Regardless, the College is in the midst of a campus-wide crackdown on what it deems excessive drinking. Here, six writers react to the crackdown.
A Dangerous Policy
Despite the disappointment of losing the UC’s party fund, it is not the most disturbing of the College’s recent crackdowns in its alcohol policy. Last spring’s policy on social clubs is alarming in its ignorance of the social pressures behind drinking. Student leaders of both official and unofficial student groups (read: final clubs, for the latter) are now held personally responsible before the Administrative Board if anyone falls ill from over-indulgence at a group event.

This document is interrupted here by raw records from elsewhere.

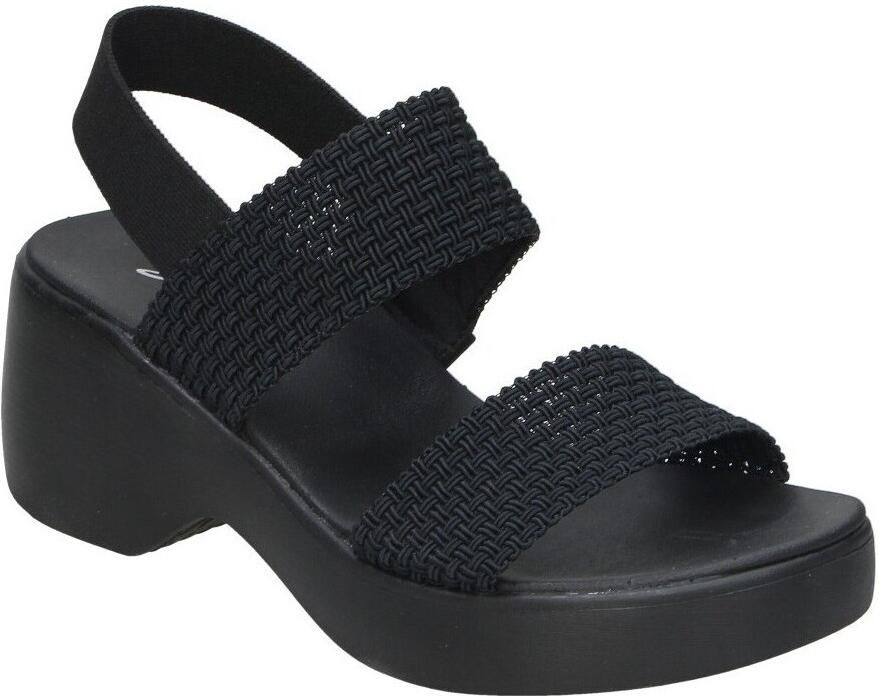 Skechers Sandalen 115468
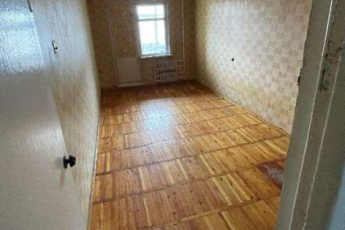 Продам 3-х кімнатну квартиру, Салтовка, Героев Труда метро, Код: 798660/1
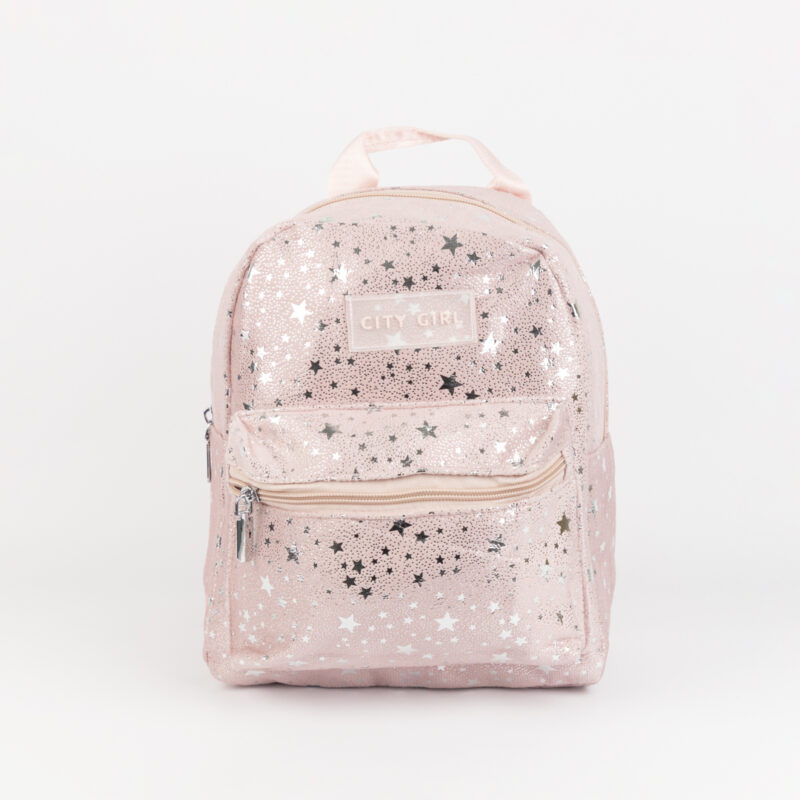 MOCHILA - Imagen 6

Besides hazily conflicting with the College’s amnesty policy (whereby students who go to University Health Services have nothing to fear from the administration), the new rule endangers students by providing a disincentive to bring drunken kids to UHS from a fear of getting a friend (or, say the president of the final club you’re punching) into trouble. It’s a shame the Administration has chosen to favor pedantic bureaucracy over student safety.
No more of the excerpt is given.